• PROBLEM STATEMENT
Nothing but the lines below between the line holding "When you need" and the line holding "Let's continue. Xinjia", inclusive, should appear in the answer, each set down exactly.

======

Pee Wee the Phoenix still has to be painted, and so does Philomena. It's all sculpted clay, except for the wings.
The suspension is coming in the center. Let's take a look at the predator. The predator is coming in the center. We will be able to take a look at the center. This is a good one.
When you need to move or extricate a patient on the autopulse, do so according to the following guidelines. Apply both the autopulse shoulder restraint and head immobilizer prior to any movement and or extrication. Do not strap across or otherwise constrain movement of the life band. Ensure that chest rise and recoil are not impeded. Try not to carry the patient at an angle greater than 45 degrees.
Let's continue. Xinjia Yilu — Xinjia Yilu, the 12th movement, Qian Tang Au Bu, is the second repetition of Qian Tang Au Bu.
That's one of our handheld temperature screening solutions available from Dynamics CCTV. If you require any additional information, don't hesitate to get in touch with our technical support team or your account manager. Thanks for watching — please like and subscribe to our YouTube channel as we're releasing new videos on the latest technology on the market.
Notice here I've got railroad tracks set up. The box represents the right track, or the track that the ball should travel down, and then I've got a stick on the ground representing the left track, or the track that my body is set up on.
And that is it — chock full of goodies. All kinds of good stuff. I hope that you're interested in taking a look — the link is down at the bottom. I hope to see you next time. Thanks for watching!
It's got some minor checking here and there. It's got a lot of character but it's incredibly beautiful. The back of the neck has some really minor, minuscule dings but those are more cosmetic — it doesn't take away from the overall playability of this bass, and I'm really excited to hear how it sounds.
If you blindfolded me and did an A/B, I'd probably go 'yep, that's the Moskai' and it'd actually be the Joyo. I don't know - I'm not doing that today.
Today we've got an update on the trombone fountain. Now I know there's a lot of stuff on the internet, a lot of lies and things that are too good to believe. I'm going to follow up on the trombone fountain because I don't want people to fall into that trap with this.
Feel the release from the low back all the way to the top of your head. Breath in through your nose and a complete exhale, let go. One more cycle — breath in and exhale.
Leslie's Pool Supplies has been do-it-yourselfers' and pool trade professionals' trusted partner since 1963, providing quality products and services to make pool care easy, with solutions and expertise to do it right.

======

• ANSWER TO THIS TASK
When you need to move or extricate a patient on the autopulse, do so according to the following guidelines. Apply both the autopulse shoulder restraint and head immobilizer prior to any movement and or extrication. Do not strap across or otherwise constrain movement of the life band. Ensure that chest rise and recoil are not impeded. Try not to carry the patient at an angle greater than 45 degrees.
Let's continue. Xinjia Yilu — Xinjia Yilu, the 12th movement, Qian Tang Au Bu, is the second repetition of Qian Tang Au Bu.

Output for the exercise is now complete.